Saya setuju dengan usulan itu, kecuali dalam hal menggugah
nasionalisme pengusaha secara sukarela. Pada era global dengan mobilitas devisa
atau modal nyaris sempurna antarnegara, rasanya sulit menuntut nasionalisme
pengusaha secara sukarela. ’’Nasionalisme’’ pengusaha adalah uang atau
keuntungan.
Selama menguntungkan, pengusaha akan menempatkan dana
mereka di mana pun. Yang bisa dilakukan BI dan pemerintah adalah memberikan
insentif agar dana hasil ekspor itu diparkir di bank-bank domestik, semisal
memberikan keringanan pajak deposito atas devisa hasil ekspor tersebut.
Mencegah
Repatriasi
Di samping ìmemanggilî pulang devisa hasil ekspor pengusaha
kita dengan paksaan atau secara sukarela lewat insentif (misal keringanan bunga
deposito), kebijakan lain untuk memperkuat nilai tukar rupiah terhadap dolar AS
adalah mencegah kepulangan (repatriasi) devisa hasil keuntungan penanaman modal
asing (PMA) ke negara asal.
Jumlah laba perusahaan asing atau PMA yang dikirim pulang
ke negara asal, sangat besar selalu meningkat dari tahun ke tahun. Tahun 2009
berjumlah 8,7 miliar dolar AS, dan meningkat lagi jadi 12,6 miliar dolar AS
tahun 2010 atau meningkat 45% dibanding 2009.

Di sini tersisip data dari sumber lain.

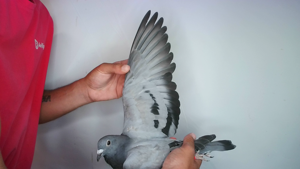 Pigeon image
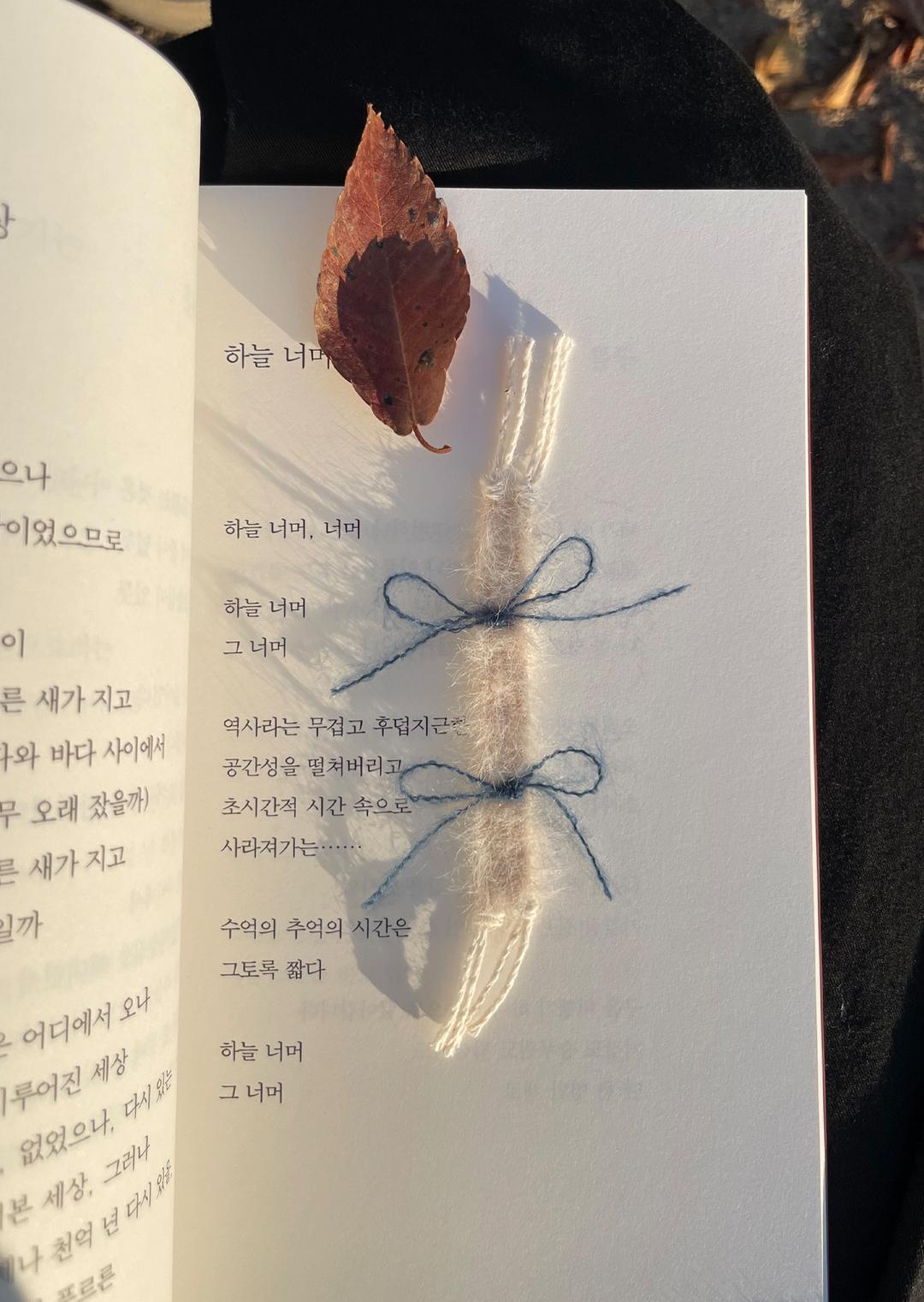 Nang) Ribbon Bookmark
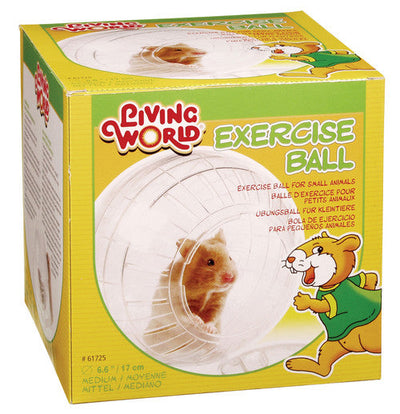 Living World Exercise Ball Medium - Small - Pet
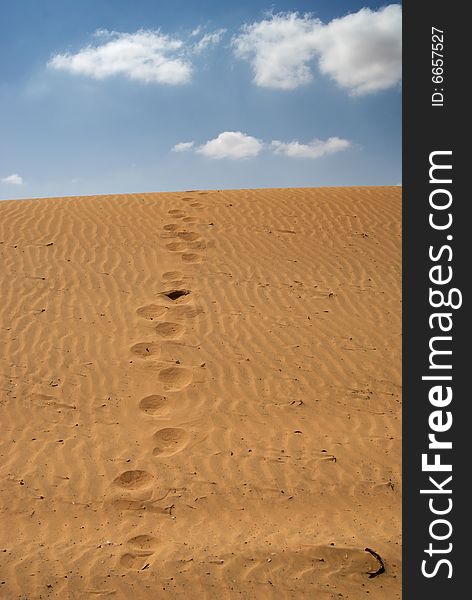 Human tracks on a sand dune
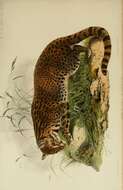 Imagem de Leopardus geoffroyi (d'Orbigny & Gervais 1844)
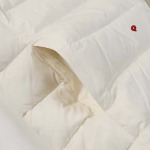 2024年10月23日秋冬高品質新品入荷モンクレール ダウンジャケット Q工場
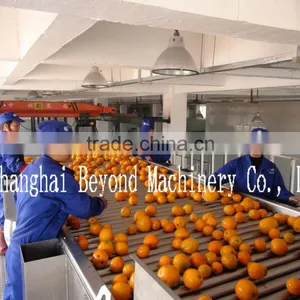200 Tons per Day Automatic Orange Citrus Processing Line Fruit Juice Production Line thumbnail-2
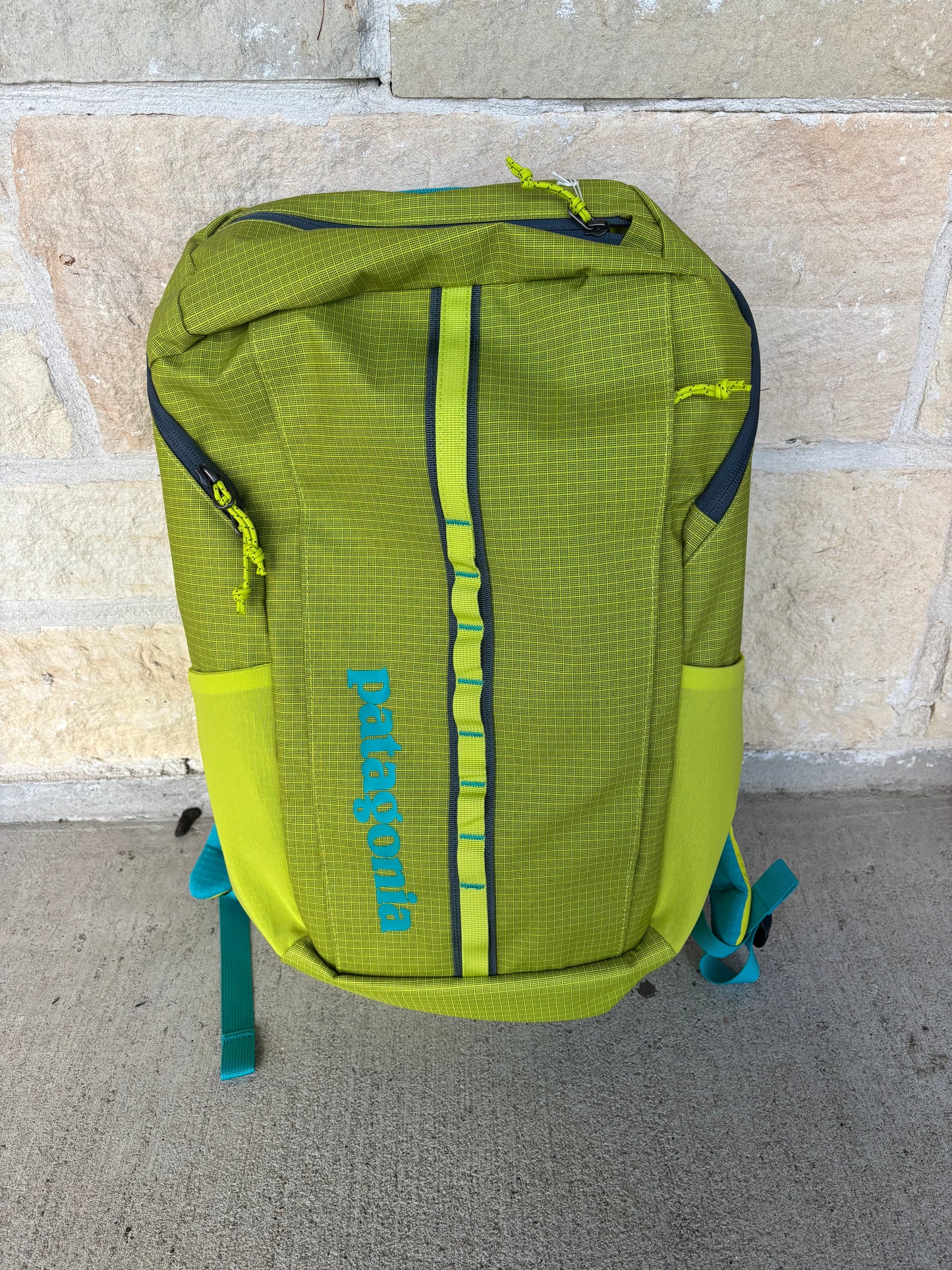 Patagonia Black Hole Backpack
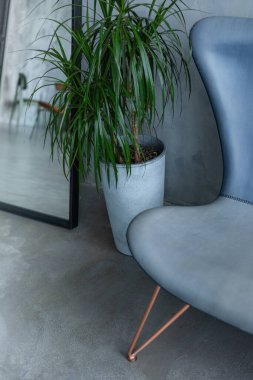 Kanepe, vazo ve ayna gri duvarda.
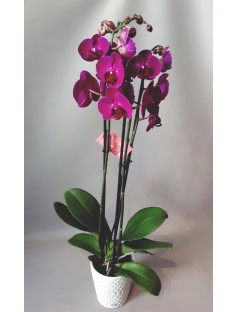 Orquídea Phalaenopsis + vaso decorativo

Tahun 2011 meningkat menjadi 17,7 miliar dolar AS dan tahun
2012 menjadi 17,8 miliar dolar AS. Pada semester I/2013 bahkan sudah mencapai
8,1 miliar dolar AS sehingga akhir 2013 diperkirakan mencapai lipat dua.
Sangat mustahil mengimbau perusahaan asing untuk menanamkan
devisa hasil keuntungan beroperasi di Indonesia secara sukarela. Motif utama
perusahaan asing adalah mencari sebesar-besarnya keuntungan. Kalau perlu demi
mencapai tujuan itu, mereka memengaruhi politik atau kebijakan pemerintah
setempat.
Tentang hal ini, ulasan menarik dilakukan oleh Arief
Budiman dalam disertasi bidang sosiologi di Harvard University dengan judul “Jalan Demokratis ke Sosialisme: Perjalanan
Chile di Bawah Allende” (diterjemahkan tahun 1986 dan diterbitkan oleh
Penerbit Sinar Harapan).
Dalam disertasi tersebut, Arief Budiman mengungkapkan
’’dugaan keterlibatan’’ perusahaan multinasional Coca-Cola dalam kudeta
terhadap Presiden Chile Simon Allende oleh militer. Perusahaan tersebut
mengudeta karena Allende akan menasionalisasikan semua perusahaan asing atau
PMA di negaranya.
Tentu tidak bisa pula memaksa perusahaan asing atau PMA
untuk kembali menanamkan laba yang ia peroleh di Indonesia dengan cara paksaan
karena mereka malah memilih hengkang dari Indonesia. Kita sudah melihast
berbagai contoh mudahnya perusahaan asing berpindah dari Indonesia. Seandainya
itu terjadi justru kontraproduktif bagi kita .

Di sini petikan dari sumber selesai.